John Simcoe estimait aussi que le domaine familial était assez prétentieux. En 1821, il nota sur un ton sarcastique son bonheur d’apprendre que le domaine de Barony était « sur le point de briller encore de cet éclat qui conv[enait] si bien à la distinguée résidence familiale des Saunders ». « La dernière fois que je l’ai vue, ajoutait-il, ses fondations étaient à peine soutenues par des étais. » Saunders assurait encore la subsistance de ce fils mécontent qui avait dépassé la trentaine mais, au grand soulagement de son père, John Simcoe rentra définitivement au Nouveau-Brunswick en 1830. En fin de compte, il fit une belle carrière au gouvernement.

Quant à la fille aînée de Saunders, Ariana Margaretta Jekyll, elle avait épousé le capitaine George Shore* en 1815. Tous deux cultivaient l’amitié du lieutenant-gouverneur Smyth et, en 1822, Shore jouait déjà de temps à autre auprès de lui le rôle de secrétaire particulier et d’aide de camp. Cette relation aida peut-être Saunders à réaliser sa propre ambition. En 1822, à la mort de Jonathan Bliss, il fut nommé juge en chef du Nouveau-Brunswick. L’antipathie que Smyth éprouvait envers l’autre candidat, Ward Chipman, entra sans doute aussi en ligne de compte.

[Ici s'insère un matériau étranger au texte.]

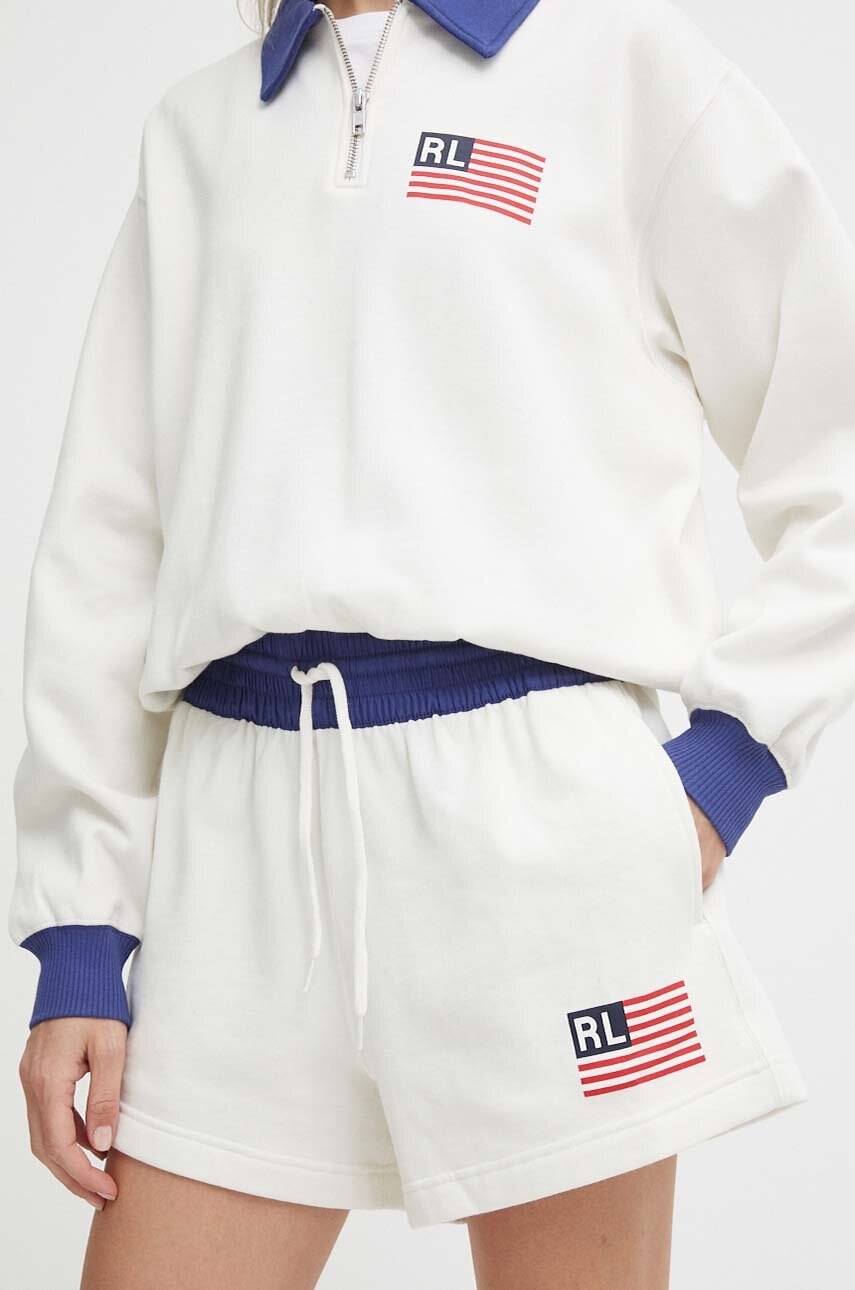 

Къс панталон Polo Ralph Lauren в бежово с принт висока талия 211935604, Бежов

Au moment de sa nomination, Saunders avait 68 ans. Il avait assisté à bien des changements au Nouveau-Brunswick, qui allaient rarement dans le sens où il l’aurait voulu. C’est donc avec appréhension qu’il accueillit la nomination de sir Howard Douglas* à titre de lieutenant-gouverneur. « Jusqu’à présent, il semble efficace, écrivit-il en septembre 1824, mais l’épreuve viendra quand l’Assemblée se réunira. » « Jamais, poursuivait-il, je n’ai été entièrement satisfait de l’attitude d’aucun de ses prédécesseurs [qui] se sont, dans l’ensemble, montrés trop faibles devant la Chambre basse, tout en étant conciliants et, de plus, insuffisamment au fait des principes de notre constitution. » Ces commentaires indiquent encore une fois avec clarté les tendances conservatrices de Saunders et sa méfiance à l’égard de l’Assemblée.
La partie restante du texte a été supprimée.